Prompt: Only the lines below from the one containing "关羽兵书怎么搭配阵容最好，三国志战略版s2关羽兵书攻略-第2张" through the one containing "ヨサパーク ラポーズ(YOSA PARK La pause)/ よもぎ蒸し/痩身/リンパ" belong in the answer, set down exactly, with the pictures left out.

Dataset entries:
BEGIN

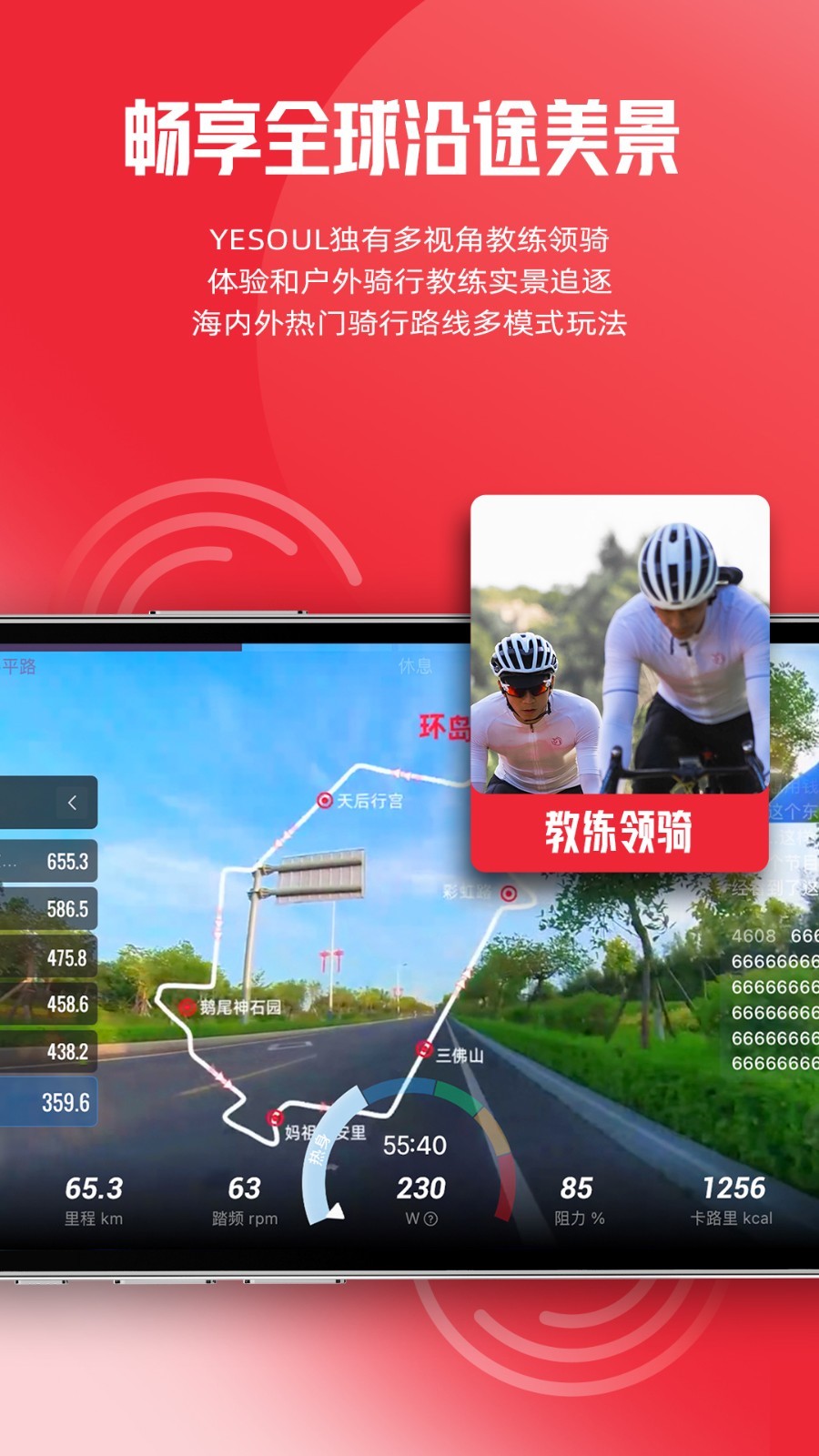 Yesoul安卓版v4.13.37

END
BEGIN

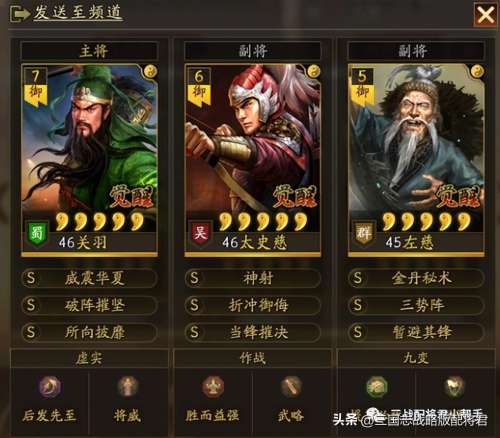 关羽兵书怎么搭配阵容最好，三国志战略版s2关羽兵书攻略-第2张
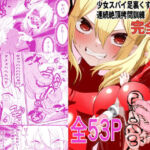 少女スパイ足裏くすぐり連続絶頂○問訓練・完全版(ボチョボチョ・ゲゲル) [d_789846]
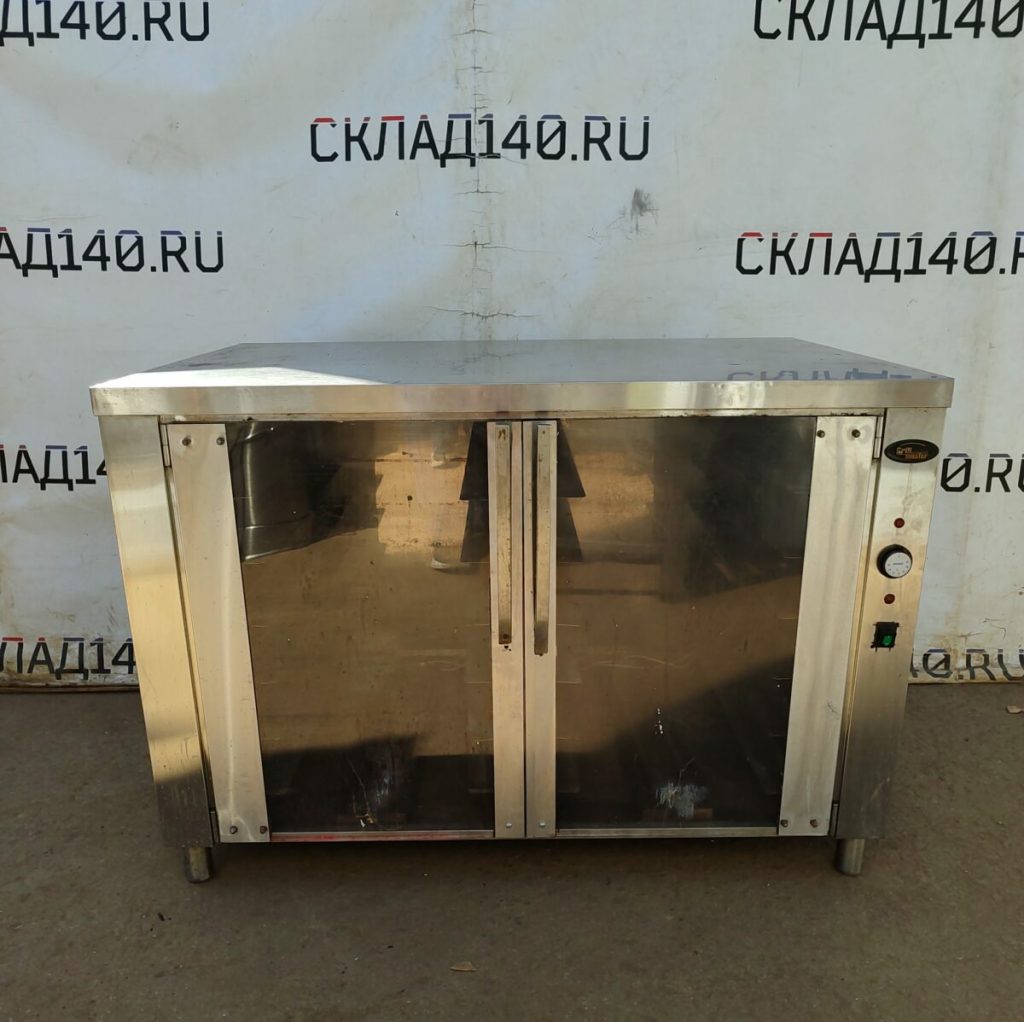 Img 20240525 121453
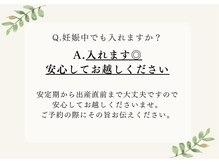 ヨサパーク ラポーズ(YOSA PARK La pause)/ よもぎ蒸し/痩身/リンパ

END

Solution to this task:
 关羽兵书怎么搭配阵容最好，三国志战略版s2关羽兵书攻略-第2张
 少女スパイ足裏くすぐり連続絶頂○問訓練・完全版(ボチョボチョ・ゲゲル) [d_789846]
 Img 20240525 121453
 ヨサパーク ラポーズ(YOSA PARK La pause)/ よもぎ蒸し/痩身/リンパ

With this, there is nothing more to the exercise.